C'est encore une puissance
agricole. La France reste à ce jour la première puissance agricole
européenne même si sa part de marché à l'exportation est désormais grignotée
par l'Allemagne. C'est également la première
destination touristique au monde avec 70 millions de visiteurs étrangers
par an. On constate que ce développement économique se réalise surtout en partenariat
avec les voisins européens puisque les 2/3 des échanges et 60 % des IDE se font
dans la zone UE.
Mais en termes de PIB par habitant la France ne se
situe plus qu'au 29ème rang mondial. Son classement est un peu meilleur en
termes d'IDH. Elle se situe au 21ème rang
c) Une réelle influence géopolitique.
Cette influence repose sur plusieurs éléments:
La France est
membre permanent du conseil de sécurité à l'ONU. Elle détient donc un droit de veto. C'est de cette tribune
qu'elle s'est opposée en 2003, au principe d'une intervention préventive en
Irak . Elle est également membre de
l'OTAN. Sa puissance politique repose également sur les liens qu'elle entretient avec le tiers-monde et les anciennes colonies.

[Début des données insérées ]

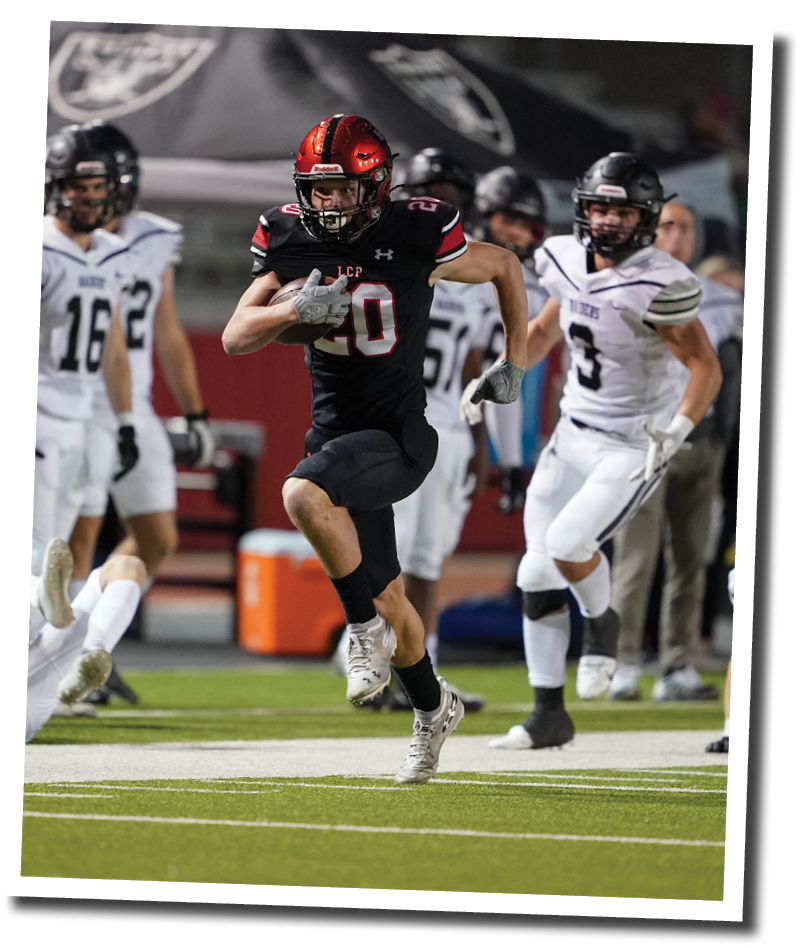 Cooper Morris (20) evades several Randall defenders and runs toward the endzone  Lubbock-Cooper vs  Randall  Photo by: Aaron Baxter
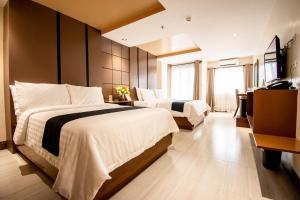 Cette chambre comprend deux lits et une télévision. dans l'établissement ECL Resort Hotel Boracay, à Boracay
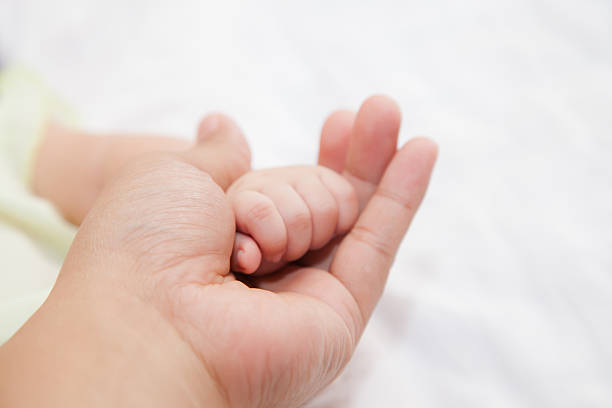 istock Hand of baby 493280438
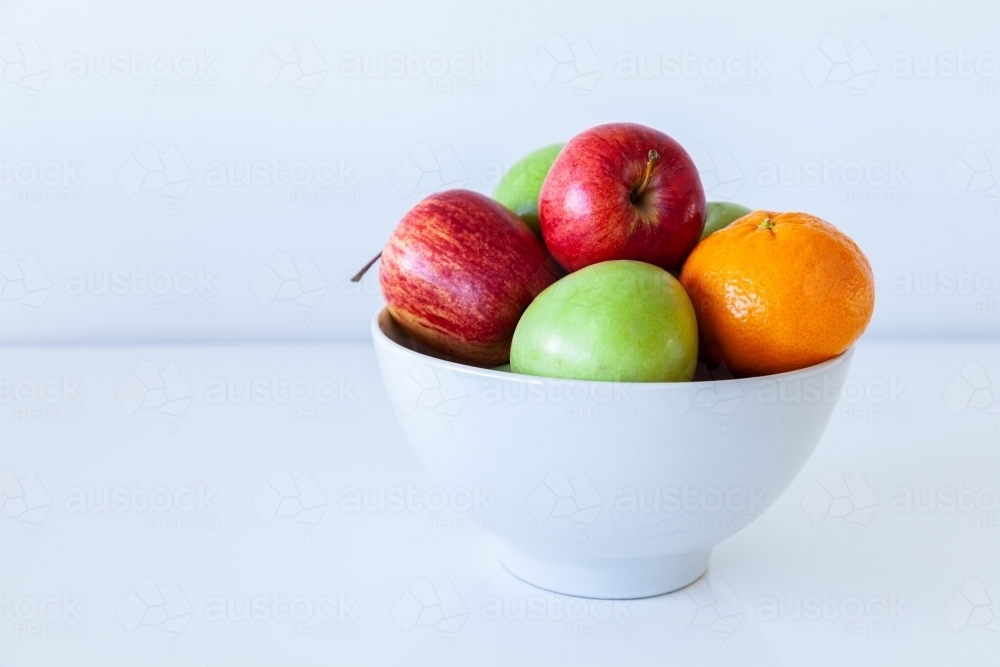 Red and green apples and a mandarin in fruit bowl on white - Australian Stock Image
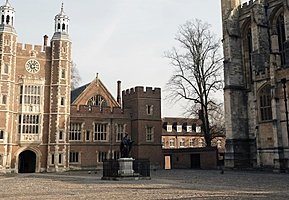 Courtyard with a statue at the center, surrounded by historic red-brick and stone school buildings.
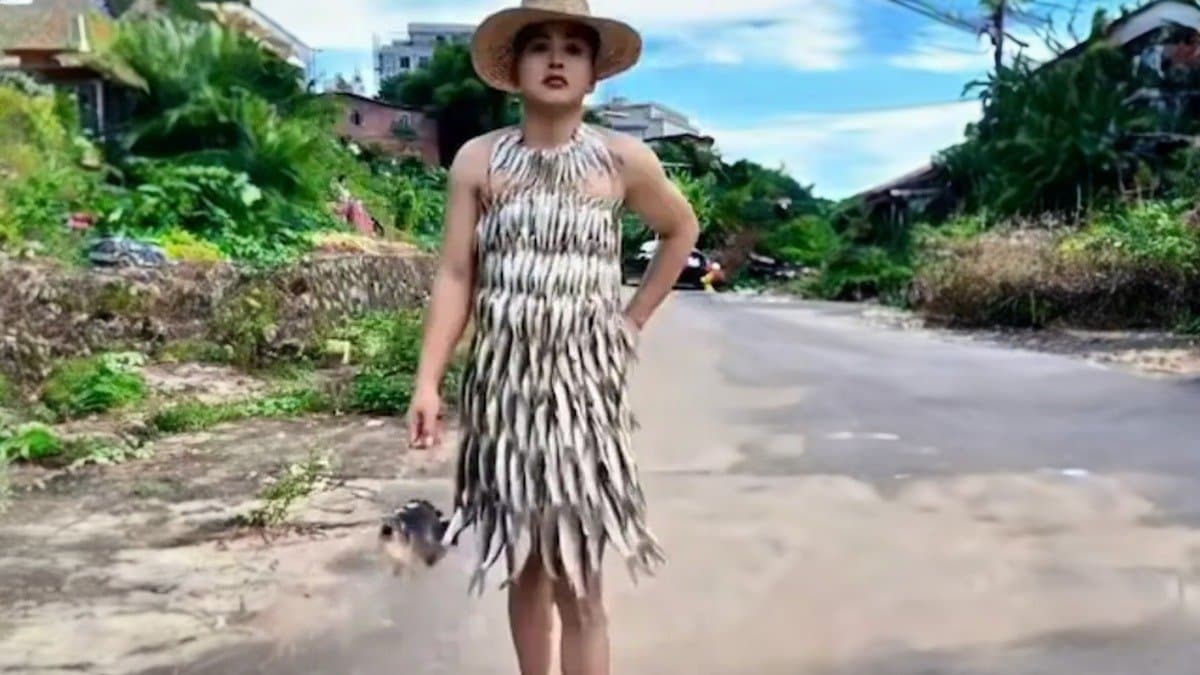 model wearing fish dress ent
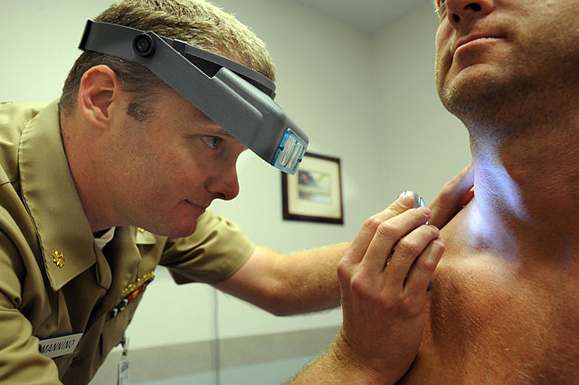 Naval Lt. Cmdr. Stephen Mannino examines a Sailor using a dermatascope and magnifying loops. Photo: Wikimedia Commons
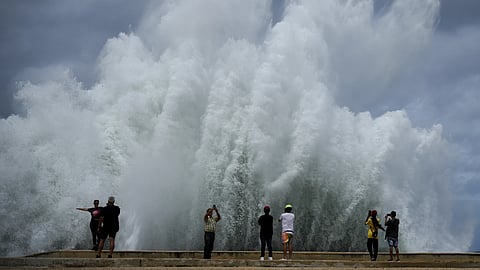 People take photos of the spray from waves crashing against the Malecon seawall, brought by the passing of Hurricane Milton in the Gulf of Mexico, in Havana, Cuba, Wednesday, Oct 9, 2024.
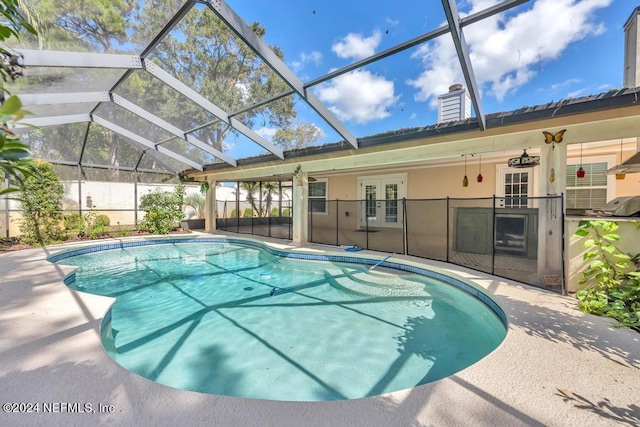 view of pool with ceiling fan, area for grilling, a patio, a lanai, and french doors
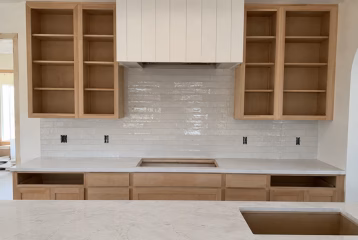 Kitchen backsplash tile installation with unfinished custom cabinetry and countertops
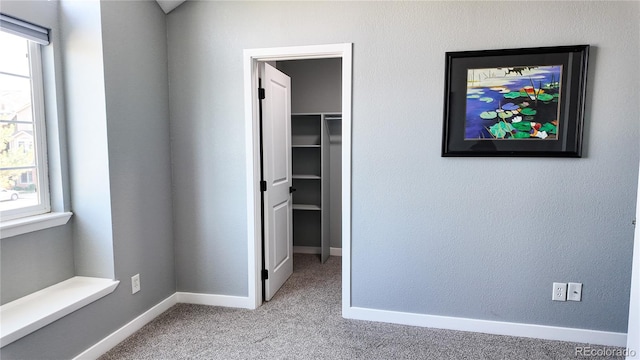 unfurnished bedroom with light carpet and multiple windows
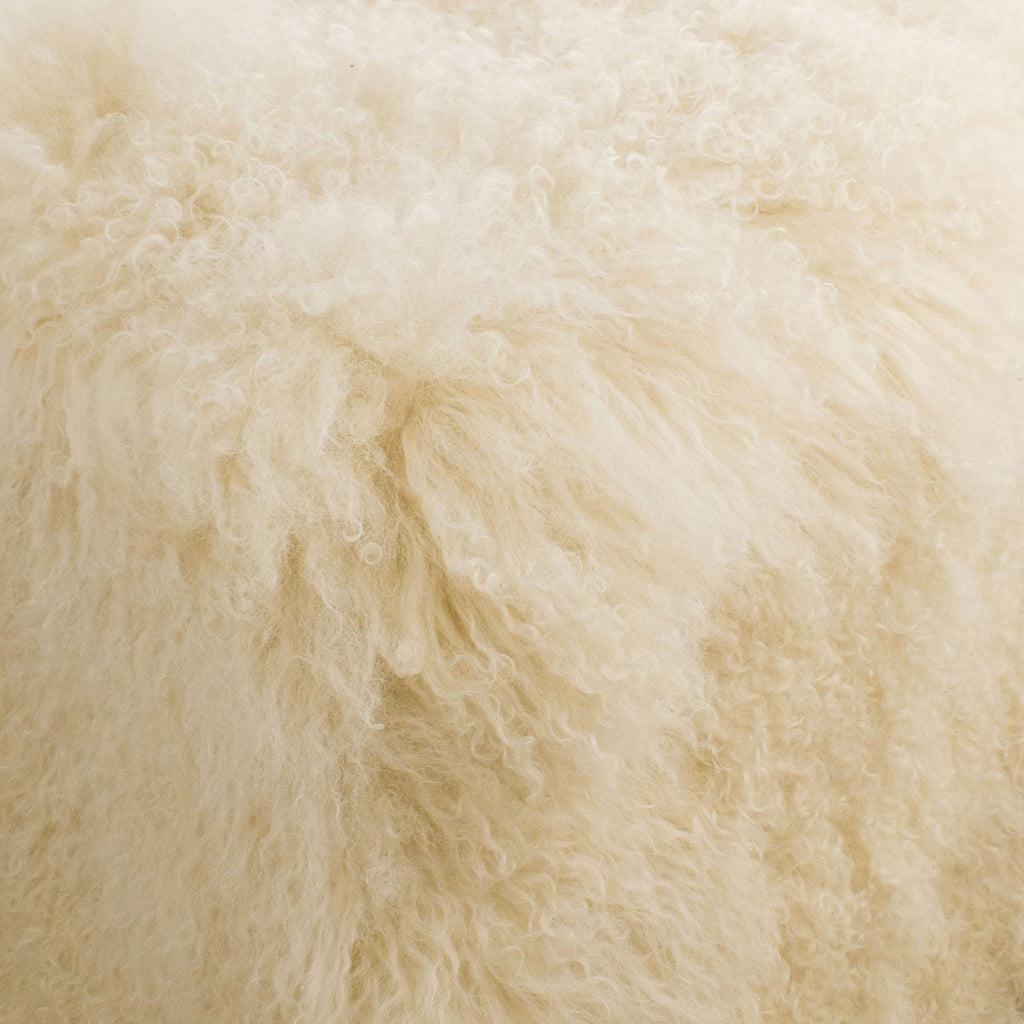 This is our off white colored 18" square Tibetan/Mongolian Lamb Fur Stool that is also available in many other colors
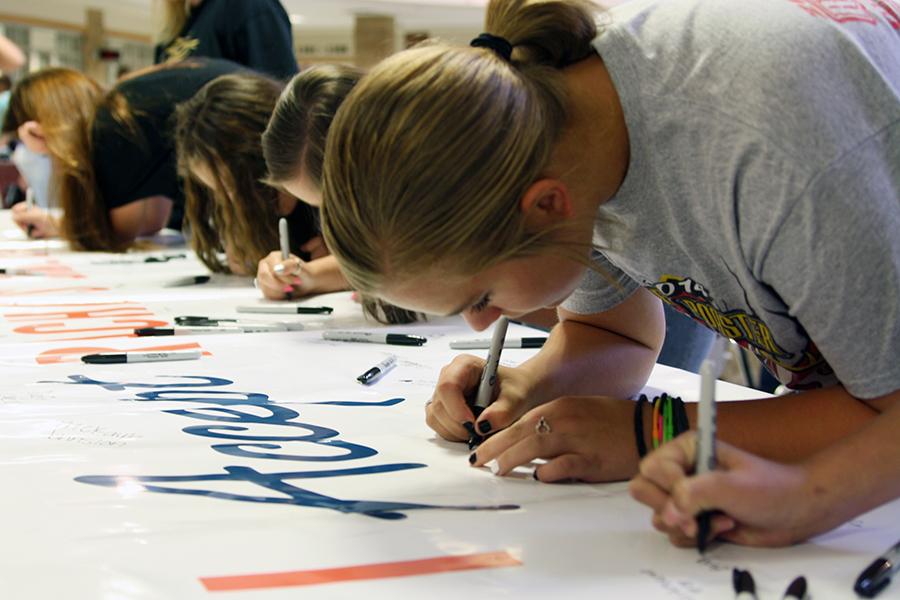 Students sign the I Accept Rachels Challenge poster in the commons. By signing the poster, students  pledge to carry out Rachels five challenges.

En 2003, la France se situait au 3ème rang pour l'aide publique au
développement (APD). Elle représente aujourd'hui, 0.43 % du Revenu National
Brut français. Elle coopère avec les pays en développement. Cette coopération
peut concerner le domaine de la défense. Ainsi, la France est intervenue en 2003
en Côte d'Ivoire. Elle est aussi présente en Afghanistan. Mais son influence en Afrique est désormais
remise en cause par les EU; la Chine et la Russie.
Sur le plan militaire, la France est une puissance nucléaire depuis
1960. Elle a des capacités de projection que n'ont pas certains de ses
partenaires européens. Mais le matériel souffre
parfois des coupes budgétaires.
d) Un rayonnement culturel existant mais limité.
Le Français est la 9ème langue du monde par le nombre
de locuteurs (69 000 000 répartis sur une
cinquantaine de pays). Désormais la Francophonie,
organisation culturelle devient une institution politique. La France a des
moyens de promotion de sa culture comme l’Alliance Française, RFI, ou France 24
mais ses capacités ne sont pas comparables à celles des EU.
Conclusion : La France
est donc une puissance moyenne à vocation mondiale, compte tenu en particulier
de ses choix affirmés en matière de politique étrangère. Sous de Gaulle, les
pivots de la politique étrangère française sont établis. Si cette politique a
connu quelques inflexions dans le domaine de la construction européenne, elle
fait apparaître depuis 1969 quelques constantes (politique pro arabe,
indépendance nationale, réconciliation franco-allemande).